BRIEF: The output should be the listing below, limited to the lines from the one with "guess rose gold suitcase" through the one with "TRIUMPH/ピンズ付】Barbour International Jacket", exact and without pictures.

GIVEN INFORMATION:
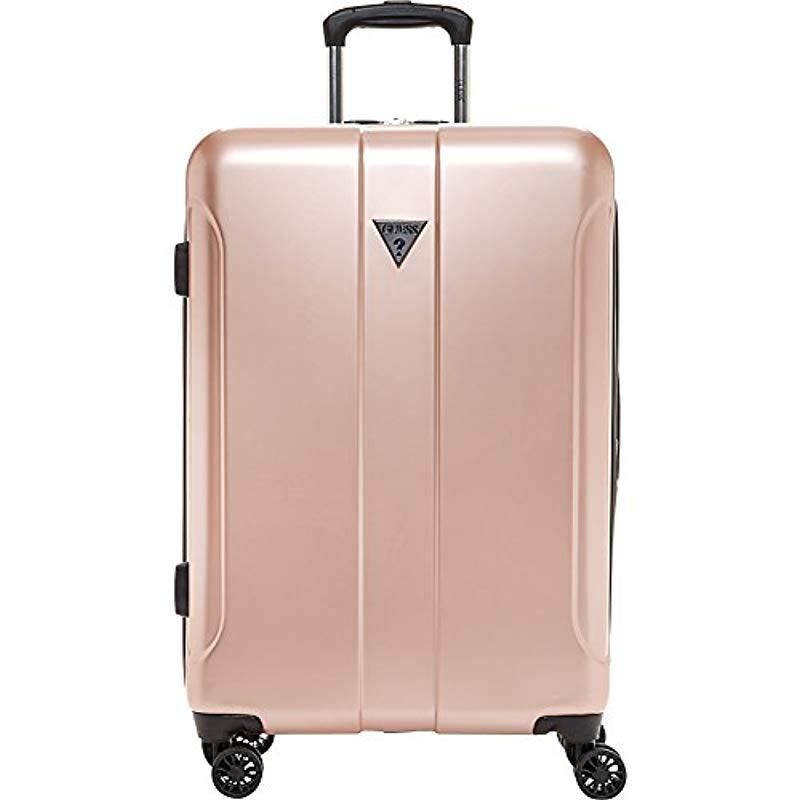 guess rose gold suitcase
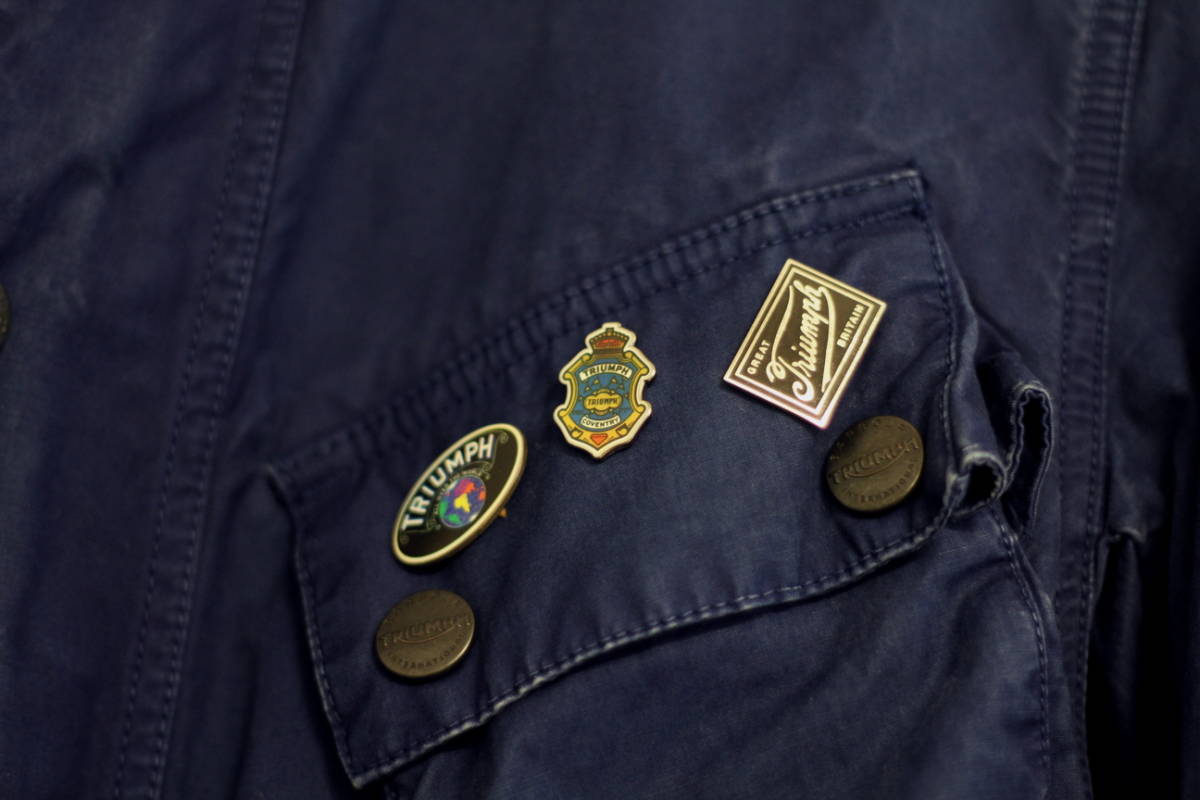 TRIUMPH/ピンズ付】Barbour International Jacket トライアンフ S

==

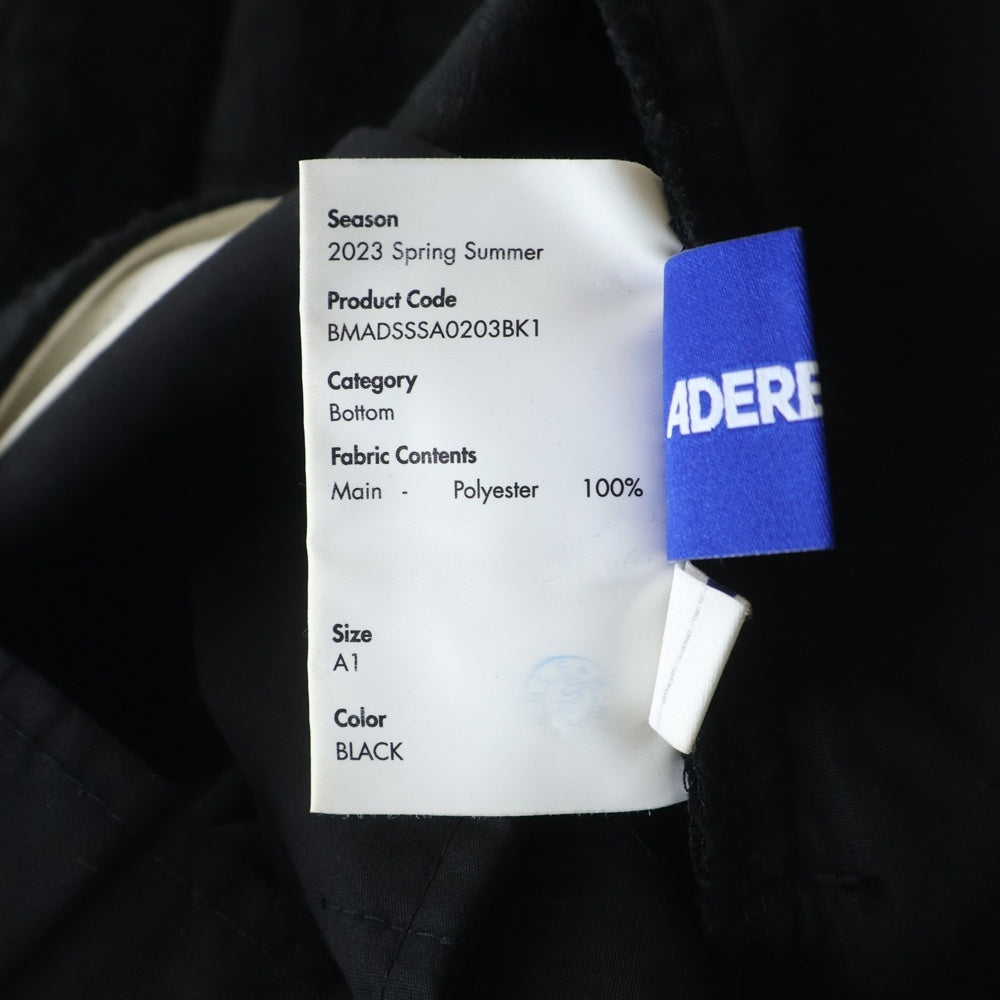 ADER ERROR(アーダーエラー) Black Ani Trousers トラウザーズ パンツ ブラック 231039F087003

==

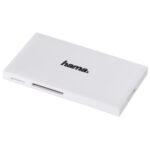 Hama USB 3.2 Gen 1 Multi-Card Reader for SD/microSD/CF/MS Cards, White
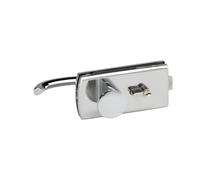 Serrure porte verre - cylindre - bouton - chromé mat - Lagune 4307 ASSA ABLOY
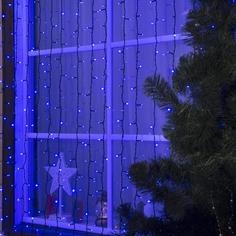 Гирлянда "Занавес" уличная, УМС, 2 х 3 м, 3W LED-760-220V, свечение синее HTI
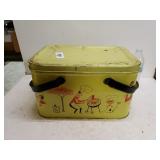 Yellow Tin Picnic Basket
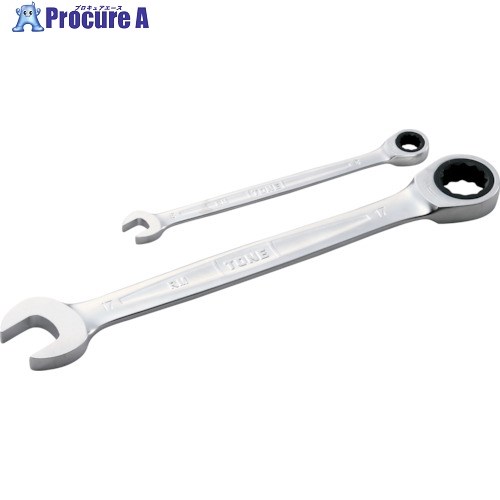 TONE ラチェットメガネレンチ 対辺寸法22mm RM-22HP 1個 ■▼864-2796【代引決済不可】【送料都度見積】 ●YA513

OUTPUT BELOW:
 guess rose gold suitcase
 TRIUMPH/ピンズ付】Barbour International Jacket トライアンフ S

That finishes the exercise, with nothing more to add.